Mirjam Vogelzang van En Vogue. Foto: Corné Sparidaens
Ondanks het vertrek van zelfstandige modezaken, kunnen dames nog volop een nieuwe garderobe aanschaffen in de binnenstad van Groningen. Veel vrouwen zoeken hun heil ook in bijvoorbeeld Haren of in zogeheten modeweidewinkels. Winkeliers aan het woord.
Exclusieve zaakjes brengen reuring in de stad
Desi Nieubuurt (60) van modezaken Part of Art en Artishock in de Zwanestraat in Groningen
,,Ik was 20 toen ik Artishock begon in de Oude Kijk in ‘t Jatstraat. Daar verkocht ik kleding en accessoires die ik bij ateliertjes van de mode-academie in Arnhem kocht. Dat liep heel erg goed. Een paar jaar later opende ik damesmodewinkel Part of Art in de Zwanestraat en niet veel later betrok ik het pand ernaast ook. Dat werd Artishock. Drie zaken was te veel om te behappen ik stootte de winkel in de Oude Kijk af. De Zwanestraat werd een straat vol mooie winkels, maar ik heb ook al twee keer eerder meegemaakt dat het bergafwaarts ging en er veel leegstand was.’’
Desi Nieubuurt van Artishock.

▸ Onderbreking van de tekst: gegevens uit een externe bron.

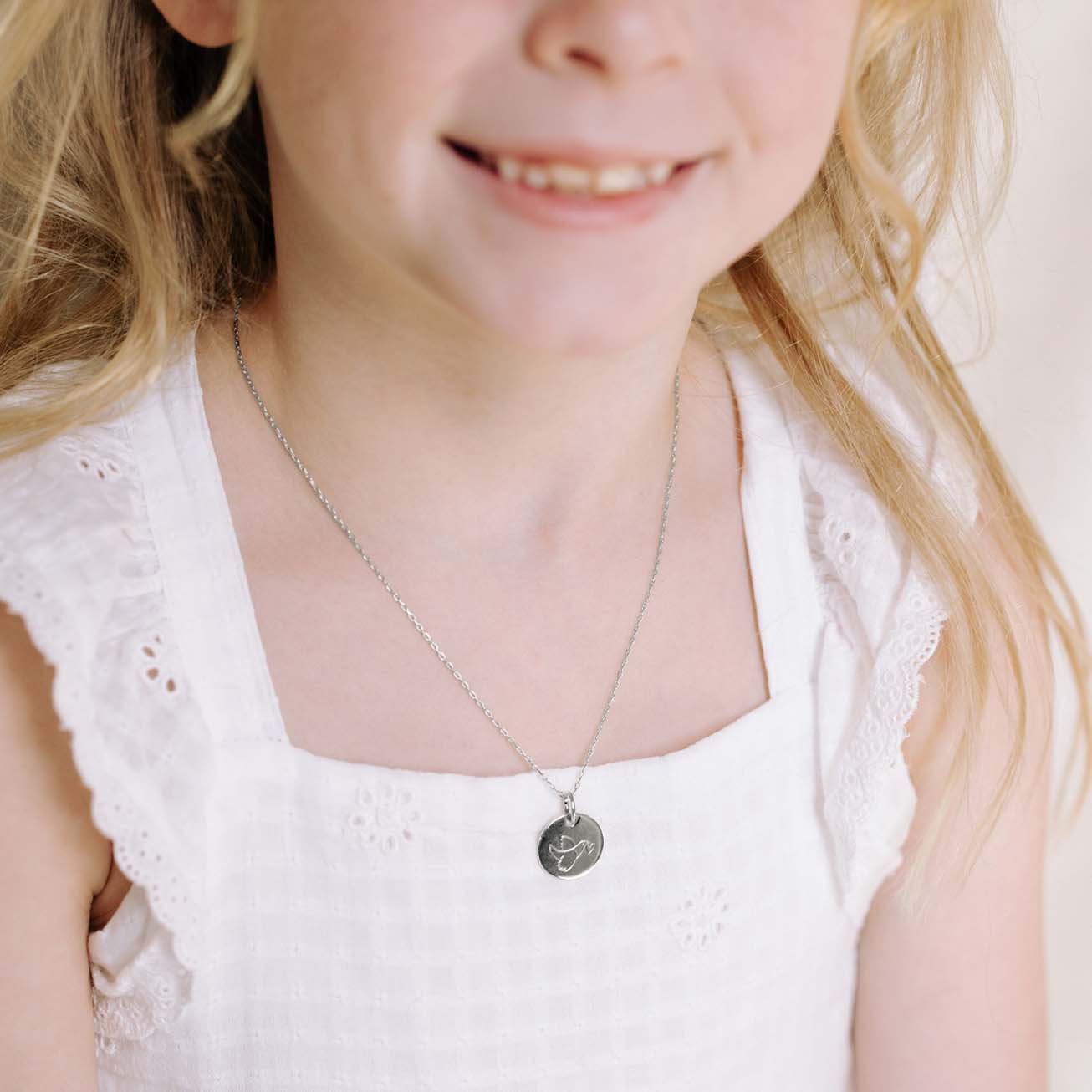Medalla bautizo plata <i>Paloma corazón</i>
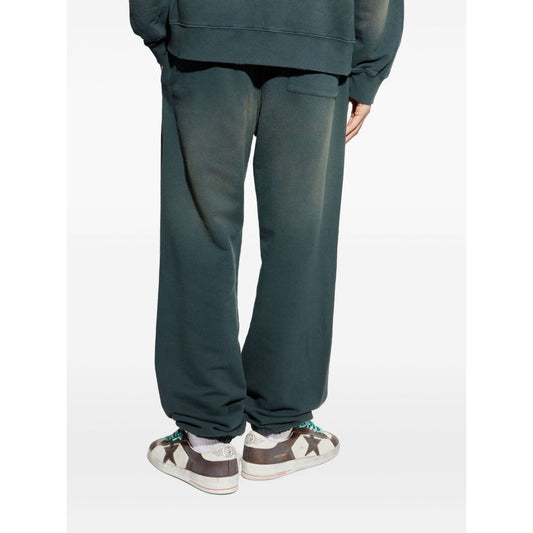 Back view of person wearing Golden Goose Trousers Black with blue waistband and embroidered logo. Casual cotton sweatpants style.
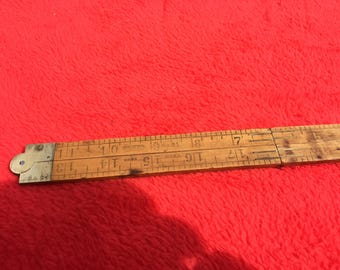 Stanley Number 61 folding Boxwood Ruler. Circa 1930 with brass ends and hinges. 24 inches long. Graduated in 1/8" and 1/16" increments.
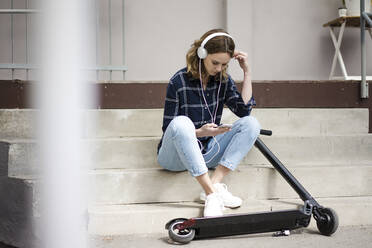 Junge Frau mit Elektroroller, sitzt auf der Treppe und hört Musik - JOSF03362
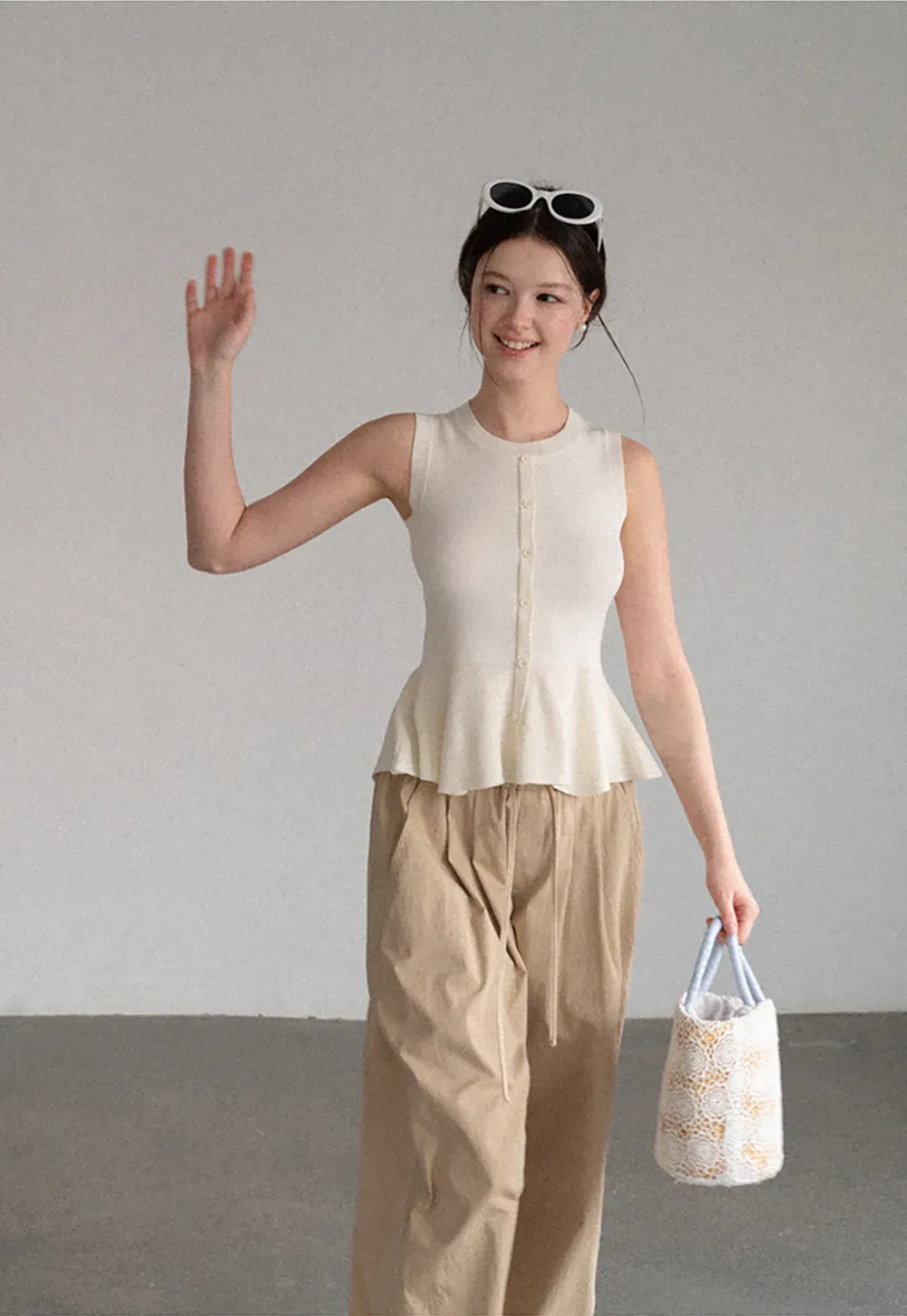 Peplum Hem Button Front Knit Sleeveless Top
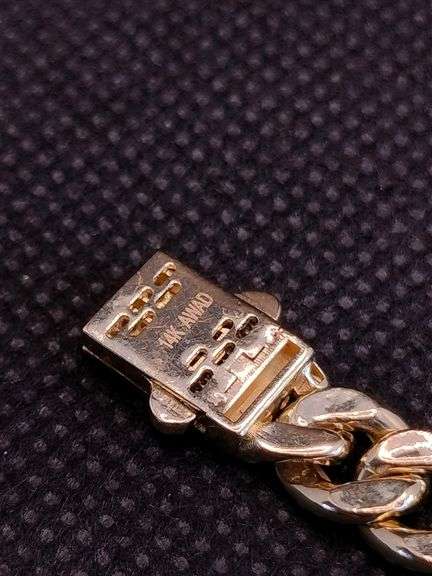 A STUNNING SEMI-SOLID 14K YELLOW GOLD CUBAN LINK BRACELET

Foto: Corné Sparidaens
,,De reden dat ik het grote winkelpand afstoot, heeft geen economische reden, maar komt omdat ik op een kruispunt in m’n leven sta. Mijn zus, ze was mijn steun en toeverlaat in de winkels, is twee jaar geleden overleden. Ik kreeg zelf acute reuma en moest voor zes jaar huur bijtekenen. Dat wilde ik niet en nu concentreer ik me op de exclusieve merken in het pand dat ik jaren geleden heb gekocht. Dat is het kleine monumentale hoekpand, waar we verder gaan onder de naam Artishock.’’

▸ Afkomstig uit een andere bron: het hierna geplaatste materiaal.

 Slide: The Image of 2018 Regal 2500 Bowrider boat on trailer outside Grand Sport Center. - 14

,,Het loopt goed in onze winkel, want onze klanten zijn trouw en die houden ervan advies te krijgen van mij of van medewerkers die ze al jaren kennen. Ze willen de kleding en de stoffen zien, voelen en passen.’’
,,Er komt vast weer een opleving van zelfstandige winkels, in de kleinere panden. Al die grote filiaalbedrijven brengen niet de reuring die een stad nodig heeft, daarvoor zijn exclusieve winkels nodig. Dat maakt een stad.’’
Het liefst wil je dat de winkel doordraait
Mirjam Vogelzang (44) van modezaak En Vogue in de Zwanestraat in Groningen
,,Eind januari gaan wij uit dit pand. We zijn op zoek naar een overnamekandidaat of naar een geschikt pand elders in de stad.’’
Mirjam Vogelzang van En Vogue. Foto: Corné Sparidaens
,,Ik ben in 2008 begonnen in de Zwanestraat met modezaak Elle. Dat werd En Vogue en sinds 2014 huren we dit pand, waar jarenlang boekhandel Boomker & Savenije zat. De instaphuur was goed, maar elk jaar springt de huur omhoog, voor komend jaar met 14 procent. Dan raak je al je spaargeld kwijt. Ook de personeelskosten stijgen.’’
,,Het liefst wil je dat de winkel doordraait. Uiteindelijk zullen de huurbazen moeten zakken met de huurprijzen.’’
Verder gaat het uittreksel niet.